The ability to pattern materials into small structures is essential to modern science and technology. There are many opportunities that might be realized by making new types of small structures, or by simply downsizing existing structures. Soft lithography—a collection of novel patterning techniques based on printing, molding, and embossing with a transparent elastomeric stamp—represents a new conceptual approach to the fabrication and manufacturing of small structures or systems for applications. This approach exceeds the scope defined by classic photolithography. It has emerged as a new technology platform for a variety of applications that include MEMS, biochips, microfluidics, and flexible microelectronics. It is astonishing that more than 800 papers have been published reporting various extensions of this technology since the term of soft lithography was coined in 1998 (see Y. Xia and G. M. Whitesides, "Soft lithography," Angew. Chem. Int. Ed. 37:550-575, 1998). The recognition of soft lithography by the research community can be attributed to the following technical merits: i) it is simple, convenient, inexpensive and thus accessible to the full spectrum of users; ii) it is applicable to directly pattern a broad range of functional molecules and materials; iii) it generates structures at very small scales, on non-planar surfaces, and with three-dimensional architecture; and iv) it is readily adapted for rapid prototyping.

Small structures are traditionally fabricated using photolithography.
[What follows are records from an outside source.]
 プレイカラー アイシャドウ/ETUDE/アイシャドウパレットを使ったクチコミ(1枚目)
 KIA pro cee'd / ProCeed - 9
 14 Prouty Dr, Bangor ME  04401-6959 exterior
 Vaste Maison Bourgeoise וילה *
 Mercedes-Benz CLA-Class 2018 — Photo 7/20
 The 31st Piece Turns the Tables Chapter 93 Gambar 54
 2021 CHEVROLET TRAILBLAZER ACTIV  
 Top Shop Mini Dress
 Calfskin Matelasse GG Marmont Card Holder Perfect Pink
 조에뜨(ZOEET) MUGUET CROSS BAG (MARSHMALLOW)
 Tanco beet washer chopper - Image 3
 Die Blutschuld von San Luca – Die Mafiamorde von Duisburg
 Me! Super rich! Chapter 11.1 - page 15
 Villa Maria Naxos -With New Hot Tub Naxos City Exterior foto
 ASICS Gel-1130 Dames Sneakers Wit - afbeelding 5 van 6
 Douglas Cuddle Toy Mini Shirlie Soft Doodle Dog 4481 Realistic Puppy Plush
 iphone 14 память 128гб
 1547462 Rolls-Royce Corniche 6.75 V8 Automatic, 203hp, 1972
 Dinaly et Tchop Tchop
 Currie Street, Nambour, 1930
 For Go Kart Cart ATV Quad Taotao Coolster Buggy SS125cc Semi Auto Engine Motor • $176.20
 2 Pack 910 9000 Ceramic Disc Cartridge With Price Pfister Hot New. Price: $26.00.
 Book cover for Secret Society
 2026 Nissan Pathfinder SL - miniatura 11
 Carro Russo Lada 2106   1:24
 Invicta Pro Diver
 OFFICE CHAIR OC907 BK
However, this technology has a number of limitations that can hardly contend demands from communities other than the semiconductor industry. For example, photolithography requires major capital investment; it is poorly suited for patterning curved surfaces; it provides very little control over the surface chemistries; and it is directly applicable only to a limited set of polymers known as photoresists. To address a strong desire in the community for alternative approaches to microfabrication, the Whitesides Laboratory at Harvard University developed soft lithography. The development of soft lithography can be understood in light of a "push and pull" model. In this case, the "pull" mainly originates from new applications in areas outside of microelectronics, which rely on miniaturization and/or integration. Notable examples include microelectromechanical systems (MEMS), microoptics, and biotechnology and healthcare (biosurfaces, biochips, microfluidics, microreactors, lab-on-chip systems, and sensing devices). Most of these applications demand fabrication tools that are accessible at low costs, and which can provide tight control over the surface functionalities and be directly applicable to a broad range of materials. The "push" may just come from the curiosity or desire to solve scientific or engineering problems, to understand how nature works, and to push the performance of currently existing materials/devices/tools to higher levels and new limits. I was fortunate enough to join the Whitesides group at the right time and had the opportunity to work with many other group members, developing soft lithography into a major microfabrication tool.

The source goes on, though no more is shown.